The gameboard on the original 1950s series used rolling drums (each containing the same nine categories) to display subject categories, with light displays beneath them to indicate X's and O's. When Tic-Tac-Dough was revived in 1978, the gameboard was made up of nine Apple II systems connected to individual computer monitors to represent each game screen, all linked to a central Altair 8800 computer, which displayed the categories, X's and O's, bonus game numbers and amounts, and dragon, in addition to a moving screensaver and custom messages. It was the first game show to use computerized graphics. The 1990 series used a completely computer-generated setup for its gameboard.

On the original 1950s Tic-Tac-Dough, a winning contestant played until either he/she was defeated or elected to stop. The second option was a Barry & Enright staple that had been used on Twenty One, which made it important for a contestant to consider as if he/she chose to play another game and lost. The new champion's initial winnings would be deducted from the outgoing champion's final total. On the 1978 CBS daytime series, contestants played until either being defeated or reaching the network's $25,000 total winnings limit. The syndicated series allowed contestants to play until defeated, and for every five matches that they won, champions were rewarded with a new automobile. For most of the series there was no restrictions on winnings, with the only exception being during the show’s 1982-83 and 1983-84 seasons (see below).

Adding money to the pot
As questions were answered correctly, money was added to the pot which went to the winner:

On the original series, the same nine categories were used for an entire match regardless of the number of games played and/or episodes it took. On all subsequent series, each new game featured a different set of nine categories. If there were ties on the original or first syndicated series, the pot was carried over to each subsequent game until someone won. In the 1990 series, there was no carryover of the pot from a tied game. Instead, the values of the outer boxes increased by $500 and the center box by $1,000 until the tie was broken.

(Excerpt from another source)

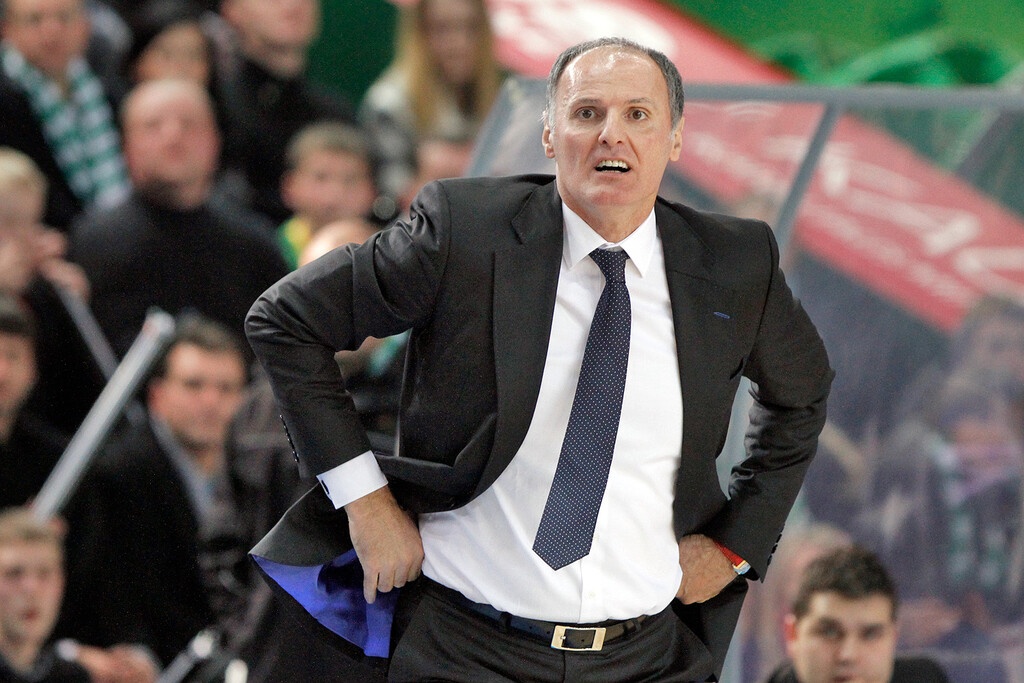 Ο Βόσνιος τεχνικός ετοιμάζεται να βγάλει από τη δύσκολη θέση τους Βάσκους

For each tie game before being defeated, losing challengers received $100 on the 1950s version and $250 from 1979 to 1986. Champions who eventually lost the match after a tie game did not receive any additional money.

1978 CBS differences
The CBS summer season featured gameplay differences. Categories were shuffled at the beginning of the game and then only prior to the champion (playing as X) choosing a category. The challenger was required to select from the remaining categories after the champion's turn. After shuffling, some categories were featured with a black background rather than blue. If a category with a black background was selected, either contestant could ring-in and respond, regardless of who selected the category.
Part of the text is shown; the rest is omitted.